The Crusades aside, Civil War armies were perhaps the most religious in history. Troops who were not especially religious prior to the war often found comfort in religion when faced with the horrific reality of combat. Those who had held strong religious beliefs before they went into battle usually found their faith strengthened. One southerner reflected that “we are feeble instruments in the hands of the Supreme Power,” while his northern counterpart believed that he was “under the same protecting aegis of the Almighty here as elsewhere…It matters not, then,” he concluded, “where I may be the God of nature extends his protecting wing over me.”

Religion, specifically the Protestant religion, went to the very heart of the American experience in the nineteenth century. Both northerners and southerners were used to expressing themselves via religious metaphors and Scriptural allusions. Once war broke out, both sides saw themselves as Christian armies, and the war itself served to reinforce this.
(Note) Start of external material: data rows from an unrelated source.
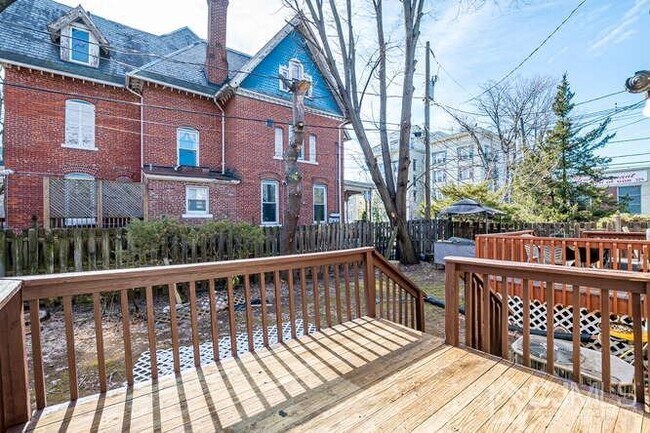 Building Photo - 216 E 7th St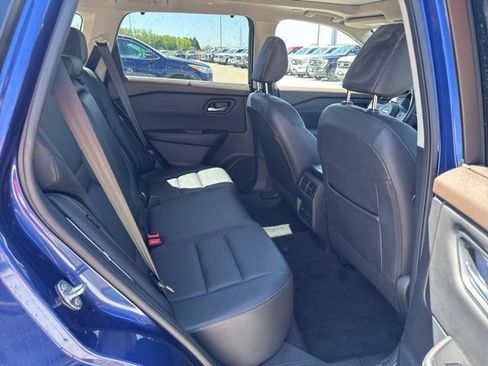 Used 2023 Nissan Rogue SL w/ SL Premium Package AWD/4WD image 13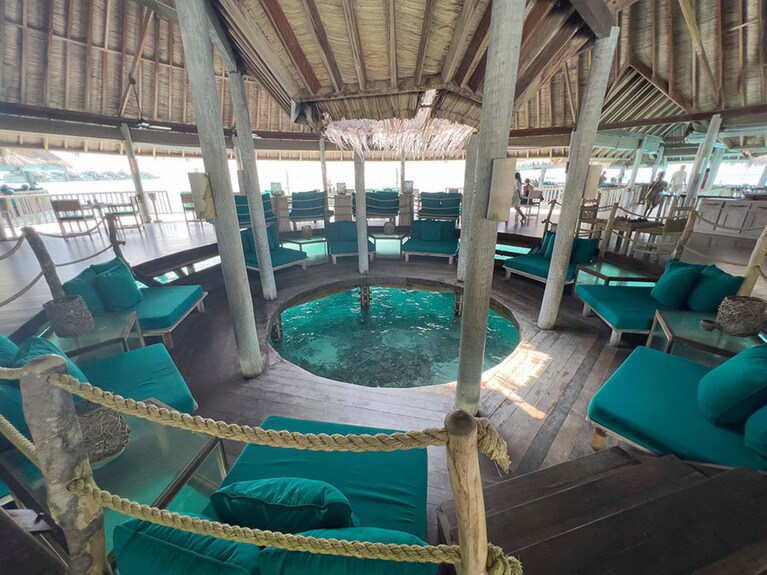 「オーバー・ウォーター・バー」の中央には大きな穴が！　その周囲のソファ席は、食事前のアペリティフにも、アフターディナーにも人気だ。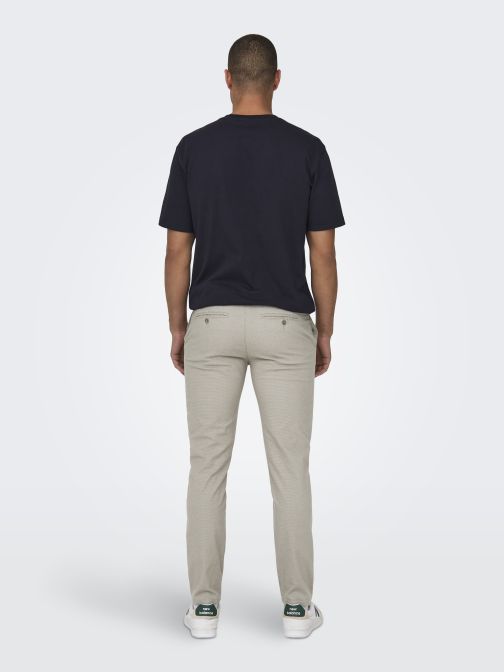 SLIM FIT NADRÁG 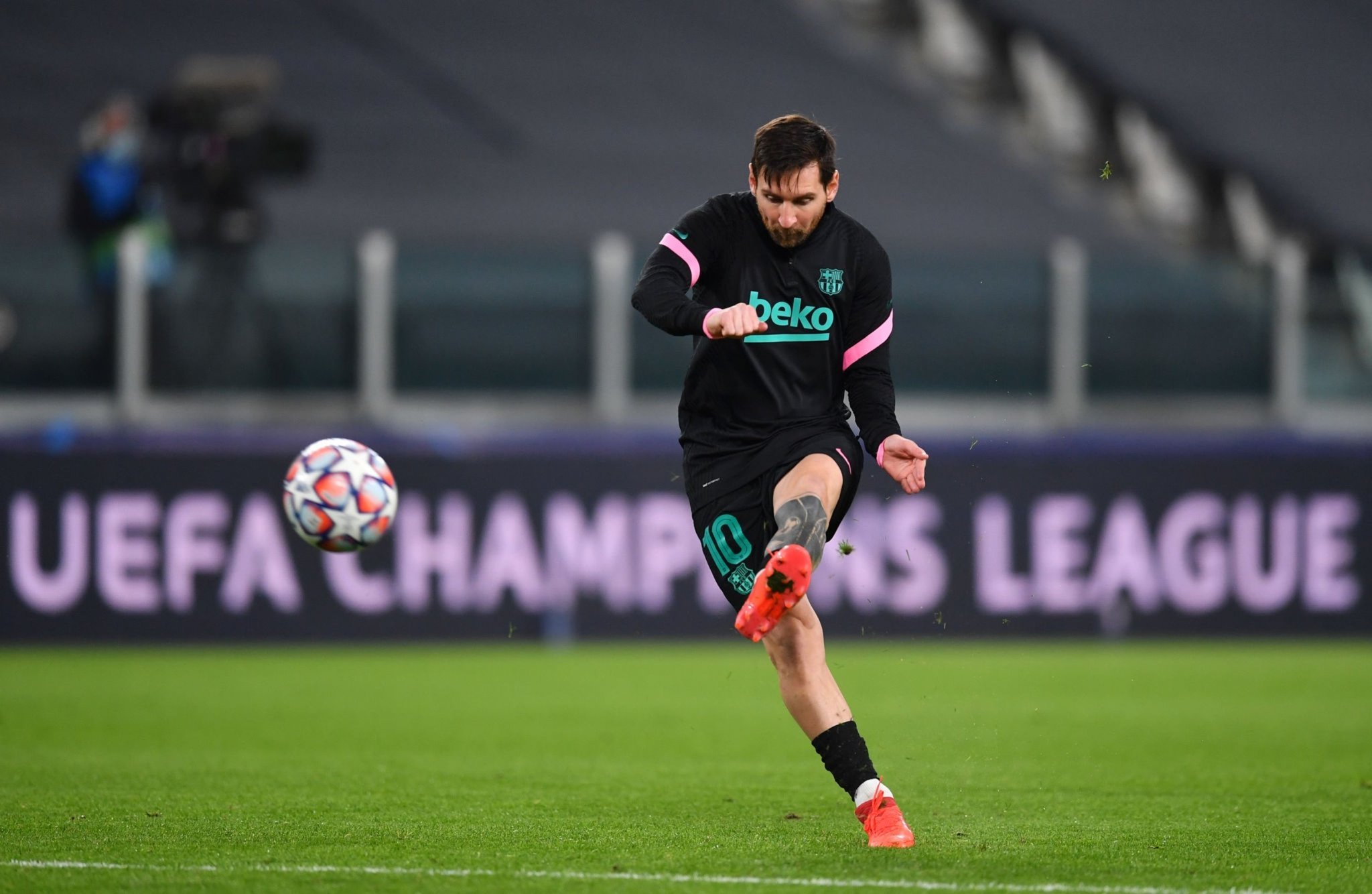 传拉出门将 传拉出门将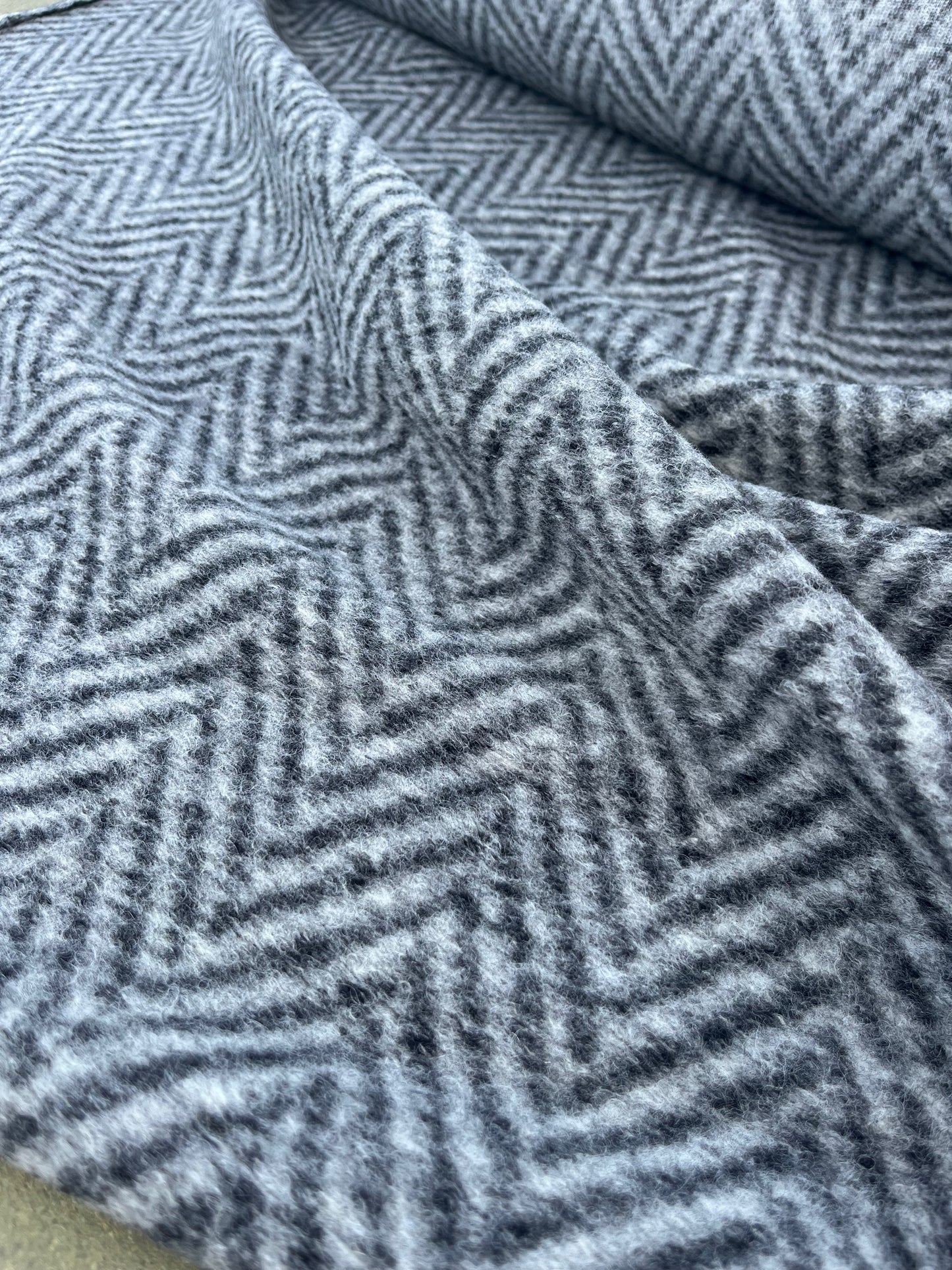 WOOLY 003 heavy boiled wool chevron black/taupe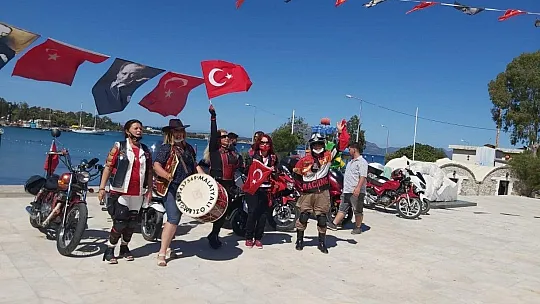 Datça'da motosikletlilerden 19 Mayıs Korteji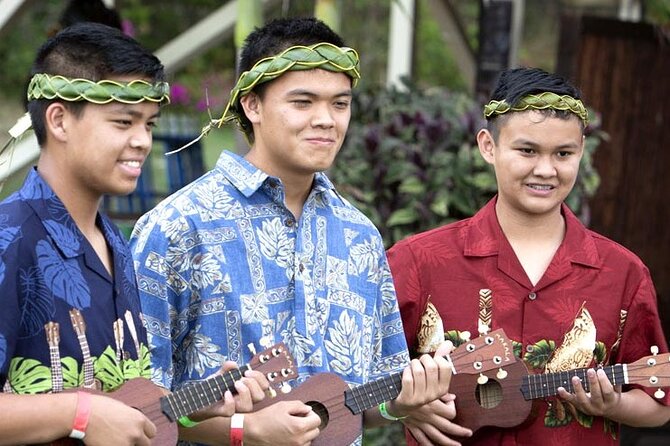 Aloha Kai Luau - The 7:00 p.m. Polynesian show
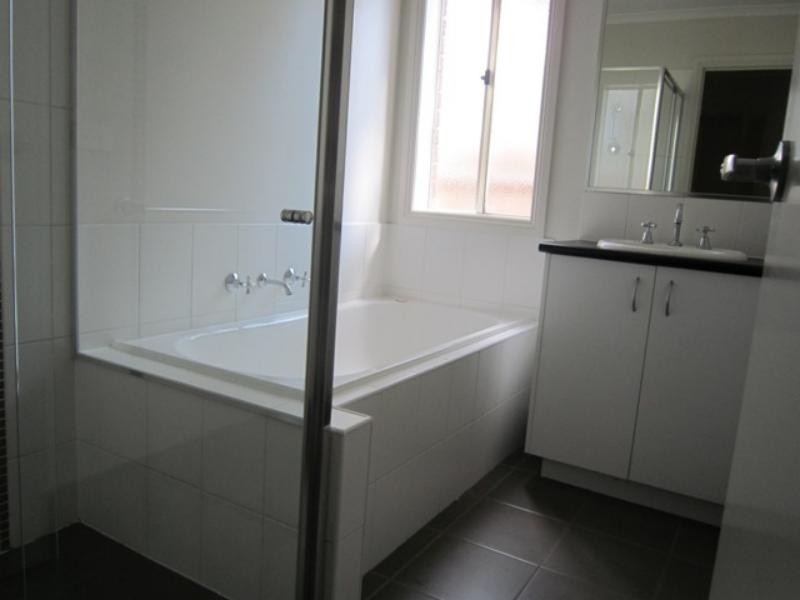 25 Harmony Dr, South Morang VIC 3752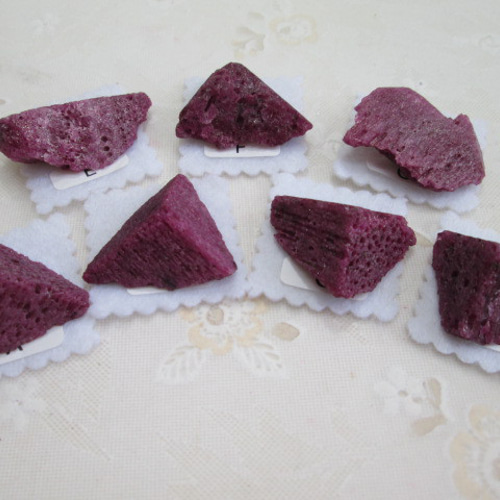 ルビー原石 ◇希少！！ルビー原石◇限定入荷！◇母岩付き濃厚ルビー◇ナチュラル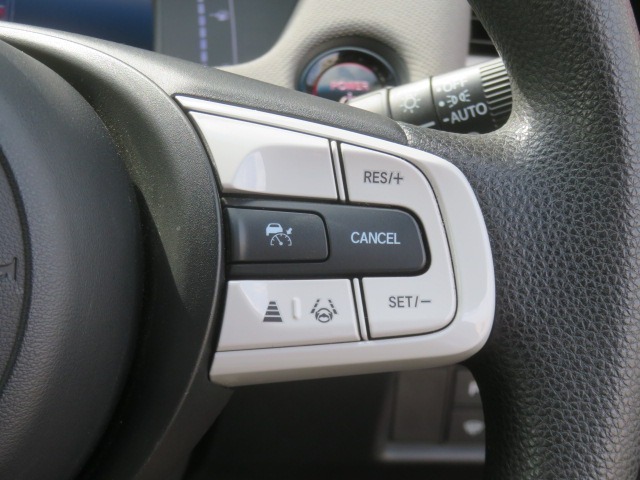 レーンキープアシスト機能☆車線から逸脱する可能性がある場合、お知らせ＆ハンドル操作で逸脱回避を支援します☆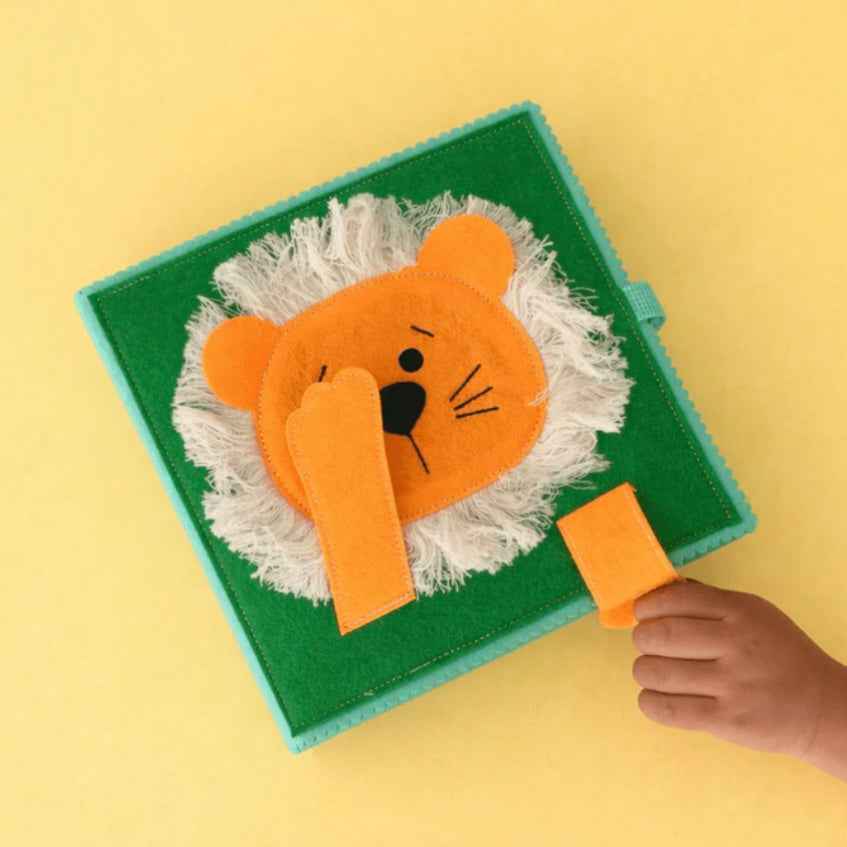 Wondertivity Lucky Lion Fun Busy Book Fabric Activity Book Kids Travel Toys 3yrs+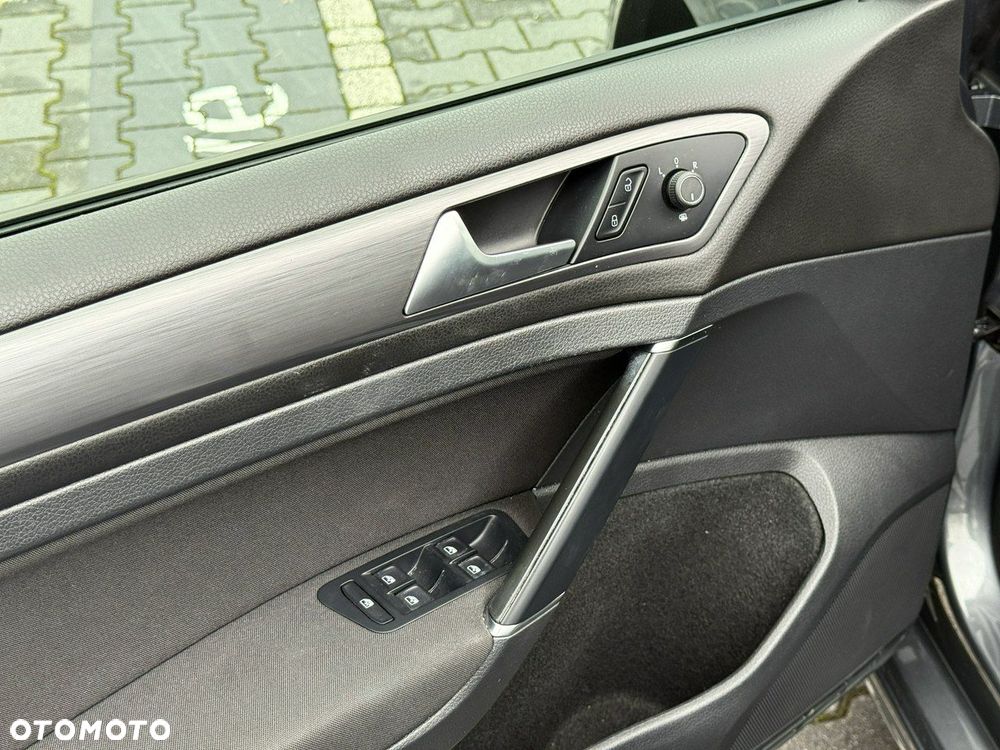 Volkswagen Golf - 11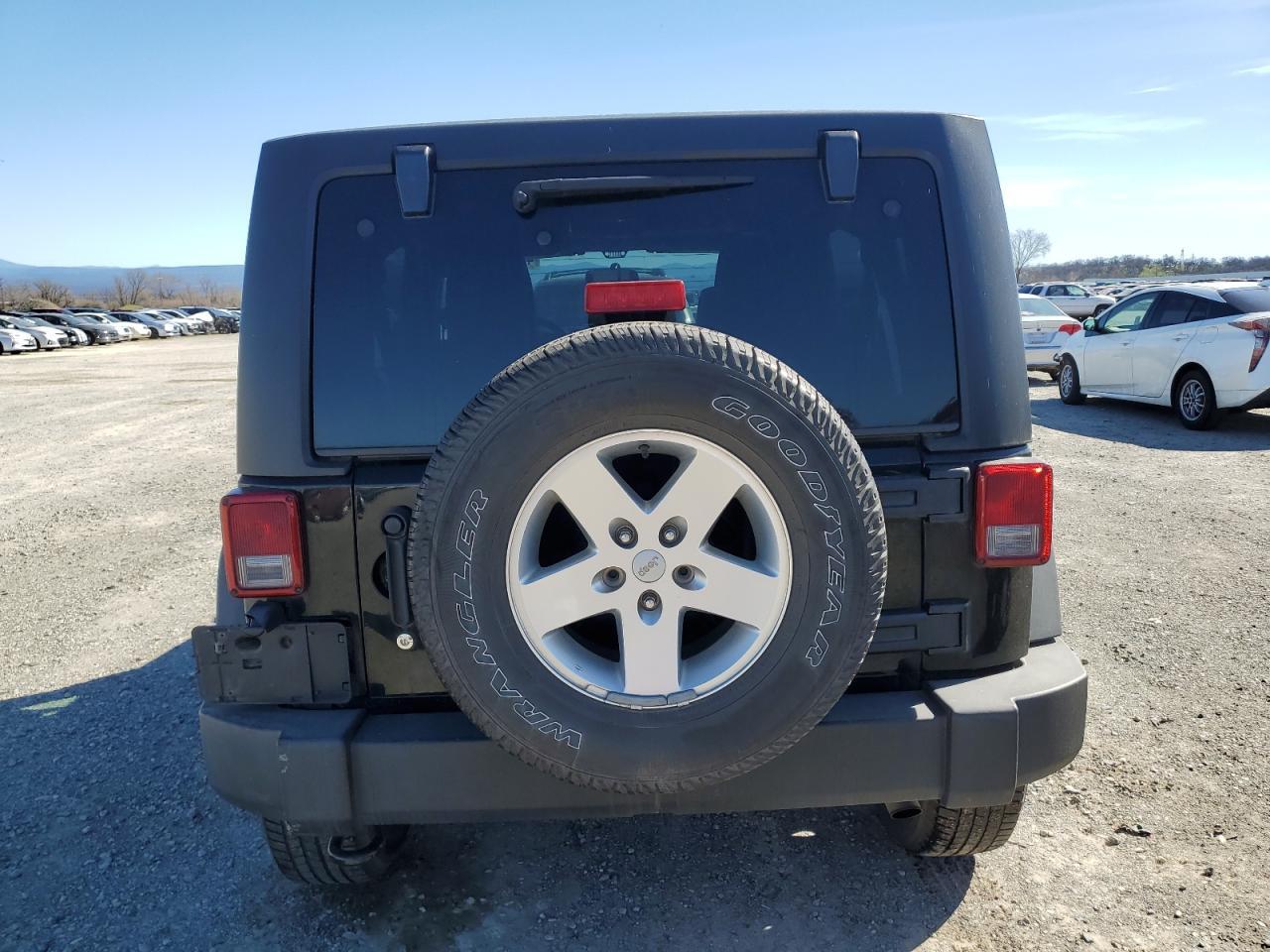 2012 JEEP WRANGLER U - Image 6
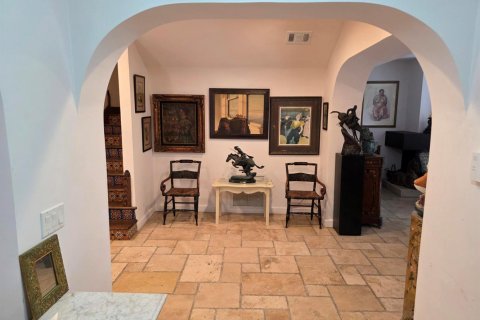 House in Hollywood, Florida 4 bedrooms, 319.03 sq.m. № 2083682 - photo 14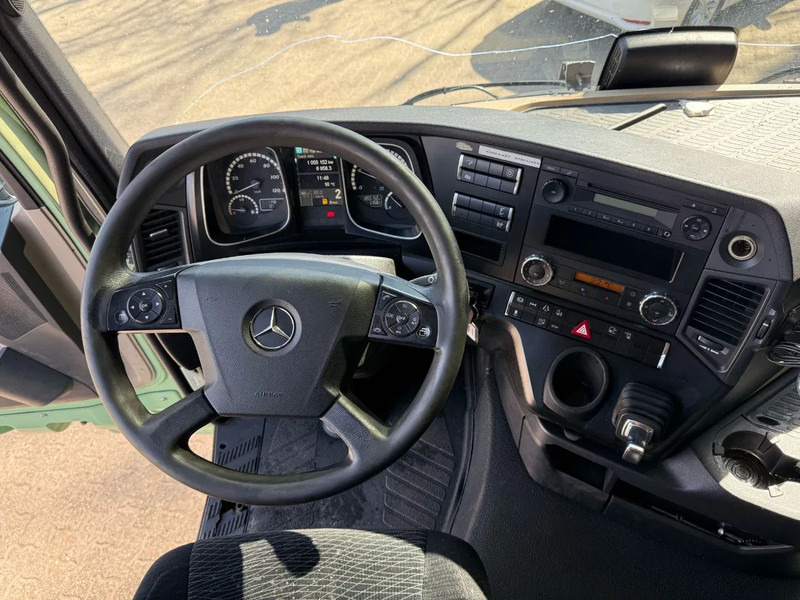 Фото интерьера 3: Тягач Mercedes-Benz Actros 1936 4X2 Streamspace Xenon NL Truck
The Confederate soldier, in particular, was encouraged to equate the cause of the Confederacy with the cause of Christ, by the efforts of religious journals such as The Army and Navy Messenger and The Soldierʼs Friend, many of which began publication after 1863. The Messenger advised southern troops as late as 1864 that the Confederacy was “fighting not only for our country but our God. This identity inspires our hope and establishes our confidence. It has become for us a holy war, and each fearful and bloody battle an act of awful and solemn worship.” In the same year, The Soldierʼs Paper reminded its readership, “The blood of martyrs was the seed of the Church, the blood of our heroes is the seed of liberty.” According to the Mississippi Messenger, the Civil War was no more nor less than “…the ordering of Godʼs Providence, which forbids the permanent union of heterogeneous nations.” The southern soldier responded to such arguments, and took them to heart. Even after the fall of Atlanta, an artillery lieutenant from Alabama could not “believe that our Father in Heaven intends that we shall be subjugated by such a race of people as the Yankees.”

Northern soldiers too, were encouraged to find Scriptural justification for the Union cause, particularly over the matter of slavery. After Lincoln issued the Emancipation Proclamation in 1863, Julia Ward Howe composed the words to the “Battle Hymn of the Republic,” which was set to the tune of “John Brownʼs Body.” Union troops needed little encouragement to sing “Mine eyes have seen the glory of the coming of the Lord,” nor to reassure themselves that as Christ, “died to make men holy, let us die to make men free / While God is marching on.”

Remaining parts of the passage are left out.